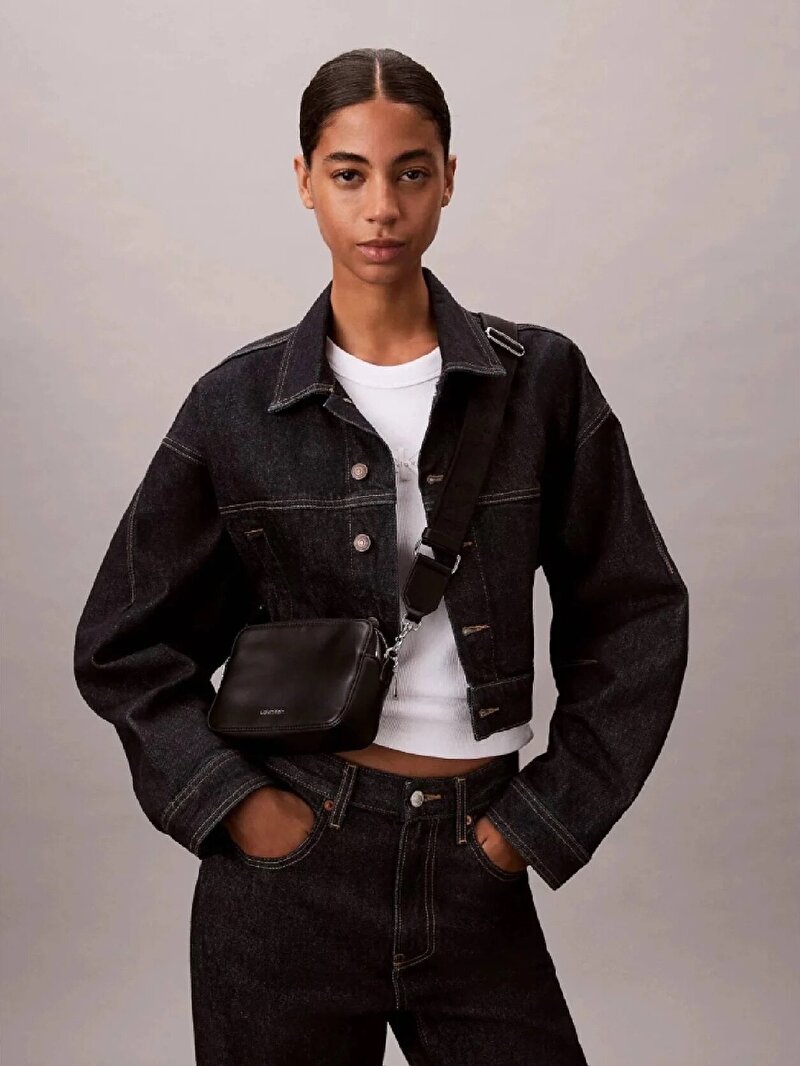 Calvin Klein Siyah Renkli Kadın Webbing Double Strap Çapraz Çanta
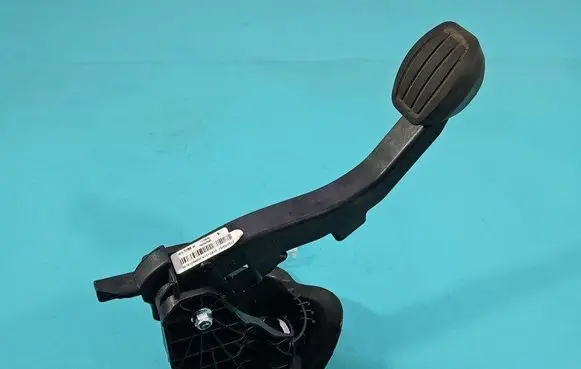 Opel Astra L Pedal assembly 9676728880 IMPRK1514086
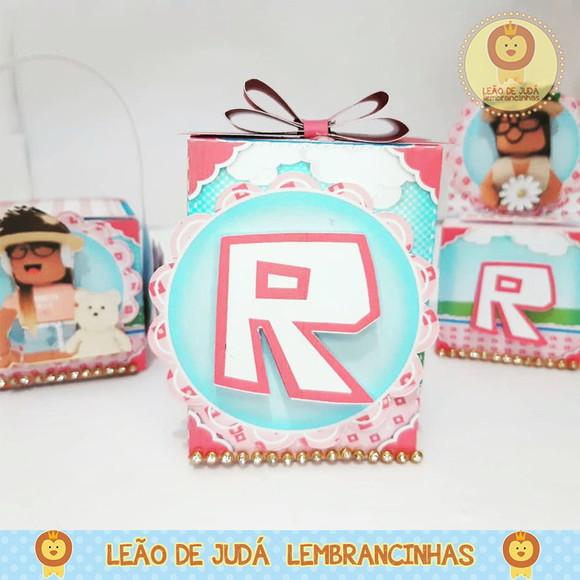 Caixinha para festa tema roblox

■ What to do
Output all of the data exactly as it stands, minus any images.

■ Response to the task
 Calvin Klein Siyah Renkli Kadın Webbing Double Strap Çapraz Çanta
 Opel Astra L Pedal assembly 9676728880 IMPRK1514086
 Caixinha para festa tema roblox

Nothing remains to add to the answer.